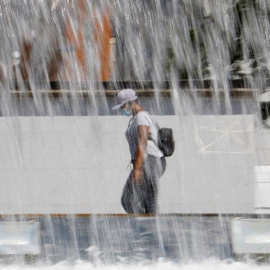 Una mujer pasa ante una fuente en Córdoba que este fin de semana registra altas temperaturas con aviso naranja decretado por la Agencia Estatal de Meteorología (Aemet). EFE/Salas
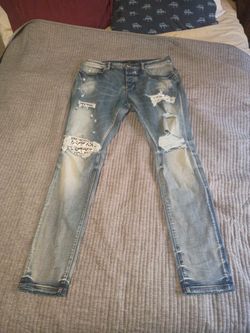 Amiri CrossBones Distressed Denim 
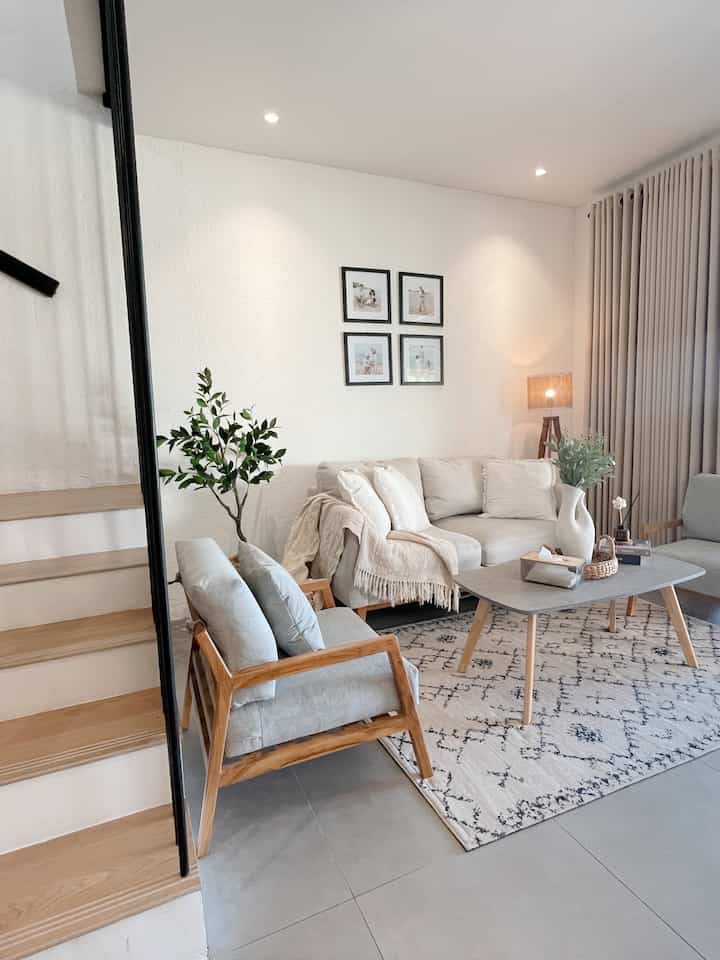 Natural color and wood tone living room featuring beige sofa and coffee table with a cozy atmosphere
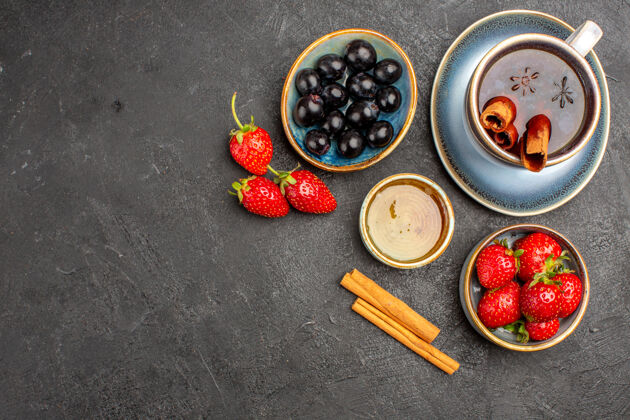 食品顶视图新鲜的红色草莓与茶和橄榄在黑暗的表面浆果新鲜水果橄榄新鲜可食用水果
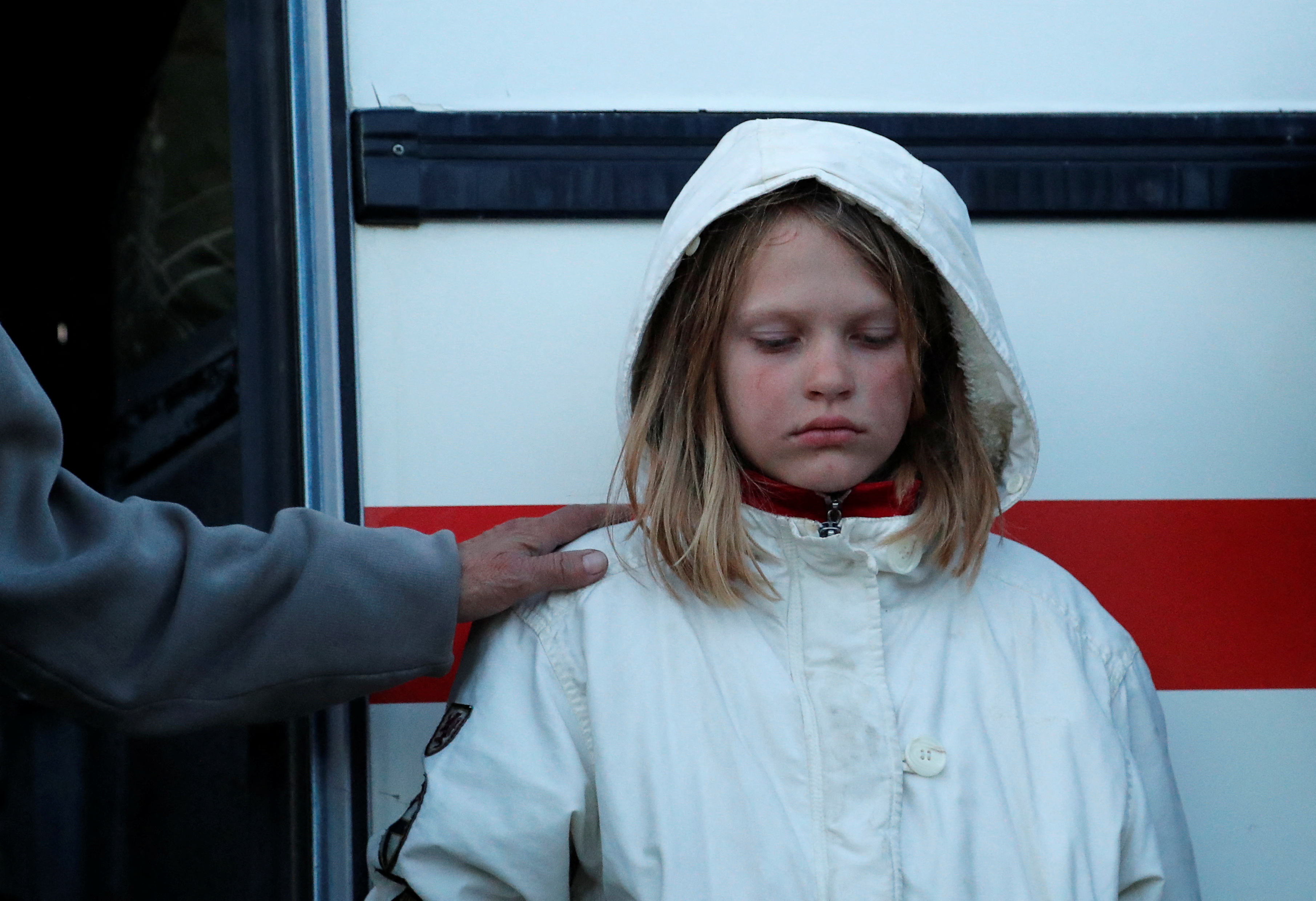 A girl, who was evacuated from Mariupol in the course of Ukraine-Russia conflict, stands outside a bus near a temporary accommodation centre in the village of Bezimenne in the Donetsk region,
◇ ◇ ◇ ◇ ◇
Without including any images, output the data exactly as given.

 Una mujer pasa ante una fuente en Córdoba que este fin de semana registra altas temperaturas con aviso naranja decretado por la Agencia Estatal de Meteorología (Aemet). EFE/Salas
 Amiri CrossBones Distressed Denim 
 Natural color and wood tone living room featuring beige sofa and coffee table with a cozy atmosphere
 食品顶视图新鲜的红色草莓与茶和橄榄在黑暗的表面浆果新鲜水果橄榄新鲜可食用水果
 A girl, who was evacuated from Mariupol in the course of Ukraine-Russia conflict, stands outside a bus near a temporary accommodation centre in the village of Bezimenne in the Donetsk region,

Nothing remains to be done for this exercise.